When it comes to data, everyone has heard the phrase “garbage in/garbage out.” This simply means that if you want data that will be useful in the future, it needs to be as complete and accurate as possible. This is impossible to achieve without establishing clear data integrity standards, processes, and KPIs.
Data integrity standards are simple rules that dictate how data is captured. For example, will a user enter “SVP” or “Senior Vice President”? “CEO” or “Chief Executive Officer? “GM” or “General Motors Company”? It really doesn’t matter – until you need to run queries to pull reports. There’s not a right way or a wrong way - just your way. Establish a standard and make sure everyone on the team adheres to it.
Communication is the key to compliance. Everyone who touches the data must have a clear understanding of the data standards and the implications of non-compliance. Many organizations have had success integrating data capture and validation processes into the various sales plays in their sales playbooks. This can help ensure compliance across a large team.
Data integrity compliance can be enhanced further when data quality goals are established, monitored and communicated to the team. For example, one goal may be to populate 90% of CRM data fields for all Sales Qualified Leads.
Inbound marketing builds marketing data as prospects complete and submit lead capture forms. But it’s often incomplete. Prospects will typically only provide the bare minimum information that we ask for. Also, keep in mind that your prospect didn’t get the data integrity memo you sent your team, so they won’t adhere to your data quality rules. Deploying “drop down” fields that allow your prospect to select answers as opposed to typing them will help eliminate many common data entry errors.
It’s a good idea to have one person on your team monitor new leads as they come in on a daily basis. They can “clean and complete” the record. “Cleaning” is just making sure that all the data is entered appropriately into the CRM and the data quality rules are followed. “Completing” the data record requires a little time and research. For example, if we don’t know the prospect’s title, you can do a quick check of their company website or LinkedIn to find that missing information.
Lead capture forms are the most common method of capturing new prospect data with inbound marketing tactics. Your lead capture form can require multiple data fields be completed by the prospect – Name, Email, Phone, Company, etc. You can also capture lead qualification and segmentation questions. For example, “What is your annual I.T. budget?” or “What is your industry?”

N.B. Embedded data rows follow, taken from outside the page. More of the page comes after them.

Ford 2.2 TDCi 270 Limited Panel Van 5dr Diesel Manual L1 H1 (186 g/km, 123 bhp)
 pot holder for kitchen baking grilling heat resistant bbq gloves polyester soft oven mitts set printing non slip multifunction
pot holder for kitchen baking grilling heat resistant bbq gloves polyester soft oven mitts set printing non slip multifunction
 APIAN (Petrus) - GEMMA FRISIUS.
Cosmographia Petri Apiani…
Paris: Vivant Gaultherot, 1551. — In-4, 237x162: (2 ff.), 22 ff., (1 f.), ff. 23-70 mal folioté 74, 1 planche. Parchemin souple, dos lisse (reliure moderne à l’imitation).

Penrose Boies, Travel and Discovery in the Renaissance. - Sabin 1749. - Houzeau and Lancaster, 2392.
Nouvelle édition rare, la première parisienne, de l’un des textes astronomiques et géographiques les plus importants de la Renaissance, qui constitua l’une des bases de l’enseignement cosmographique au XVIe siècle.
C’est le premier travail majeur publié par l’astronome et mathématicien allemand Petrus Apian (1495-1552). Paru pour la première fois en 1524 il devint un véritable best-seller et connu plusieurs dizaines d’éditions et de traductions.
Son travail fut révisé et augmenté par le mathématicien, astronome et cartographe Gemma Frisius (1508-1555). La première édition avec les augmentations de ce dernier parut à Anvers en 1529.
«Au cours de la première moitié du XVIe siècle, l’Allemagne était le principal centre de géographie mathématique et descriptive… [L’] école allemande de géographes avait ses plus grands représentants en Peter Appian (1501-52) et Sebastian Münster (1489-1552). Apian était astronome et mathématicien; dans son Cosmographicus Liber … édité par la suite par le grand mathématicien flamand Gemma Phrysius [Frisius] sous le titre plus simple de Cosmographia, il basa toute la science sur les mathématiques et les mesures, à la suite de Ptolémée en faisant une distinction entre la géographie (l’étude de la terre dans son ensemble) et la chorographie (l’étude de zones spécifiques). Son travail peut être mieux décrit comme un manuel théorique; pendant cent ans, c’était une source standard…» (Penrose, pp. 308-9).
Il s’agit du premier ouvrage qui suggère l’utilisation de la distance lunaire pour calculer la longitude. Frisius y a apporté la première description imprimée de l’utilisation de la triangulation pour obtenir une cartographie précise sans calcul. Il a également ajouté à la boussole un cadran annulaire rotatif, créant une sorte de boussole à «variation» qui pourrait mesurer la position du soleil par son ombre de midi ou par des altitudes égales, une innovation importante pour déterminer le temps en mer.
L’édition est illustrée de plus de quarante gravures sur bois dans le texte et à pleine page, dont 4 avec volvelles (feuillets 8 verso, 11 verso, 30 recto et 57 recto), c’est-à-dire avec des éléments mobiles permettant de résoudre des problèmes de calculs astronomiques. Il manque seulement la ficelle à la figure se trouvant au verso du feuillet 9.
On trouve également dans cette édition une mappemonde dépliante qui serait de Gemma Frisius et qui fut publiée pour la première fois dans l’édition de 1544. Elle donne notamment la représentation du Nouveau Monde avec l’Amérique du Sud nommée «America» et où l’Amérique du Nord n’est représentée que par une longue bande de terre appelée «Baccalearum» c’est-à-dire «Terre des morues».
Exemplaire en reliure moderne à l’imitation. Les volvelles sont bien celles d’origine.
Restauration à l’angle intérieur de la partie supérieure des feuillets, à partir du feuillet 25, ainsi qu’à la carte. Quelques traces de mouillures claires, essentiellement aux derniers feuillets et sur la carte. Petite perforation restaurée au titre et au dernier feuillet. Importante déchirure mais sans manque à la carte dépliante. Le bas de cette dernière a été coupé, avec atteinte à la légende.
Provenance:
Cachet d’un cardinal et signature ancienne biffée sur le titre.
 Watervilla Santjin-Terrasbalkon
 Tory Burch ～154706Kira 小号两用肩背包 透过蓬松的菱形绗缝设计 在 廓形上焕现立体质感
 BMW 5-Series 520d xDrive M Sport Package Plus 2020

There’s not a perfect formula or magic answer for what information should be required in a lead capture form. The more information you require, the more qualified your lead will be. But you’ll also generate fewer leads. It’s a balancing act. If your focus is generating a high volume of top-of-the-funnel leads, then you may want to limit the required fields to just those that allow you to facilitate ongoing communication – name and email. Other fields (title, phone number, company, etc.) can be added, but just don’t make them required. The key is to test different approaches, monitor the results and make adjustments as necessary.
Not only do you want to grow the number of prospects in your database, you also want to grow the completeness of each record. The use of “smart forms” can help you build out your prospect profile data as you interact with them digitally over time. A “smart form” will recognize a prospect who’s returning and adjust the required questions based on their already known characteristics. For example, if we already know their name and email address, it doesn’t make sense to ask those same questions again. Instead, this time we can ask for their company and phone number or any other important data points you may be missing.
Marketing data can have a short life span, especially if it’s not used. Companies go out of business and change names. People get promoted or change jobs. Don’t neglect your marketing data. The best way to enhance your data is to use it. Your data will get cleaner the more often it is included in ongoing marketing campaigns.
Many marketing organizations put so much of a focus on generating new leads, that they completely ignore the leads that were generated last year or even last month. Sometimes the most valuable leads are the ones already sitting in your CRM. They weren’t bad leads. They just weren’t ready to buy yet. Don’t stop nurturing until they are completely disqualified. However, it may make sense to rest them for a period. You don’t want to “wear out your welcome.” But always review, recycle and attempt to re-engage.
Business leaders pay close attention to their assets – buildings, equipment, cash, trademarks, brand. It’s time to add “marketing database” to this list as well. Doing so can pay huge dividends in the future.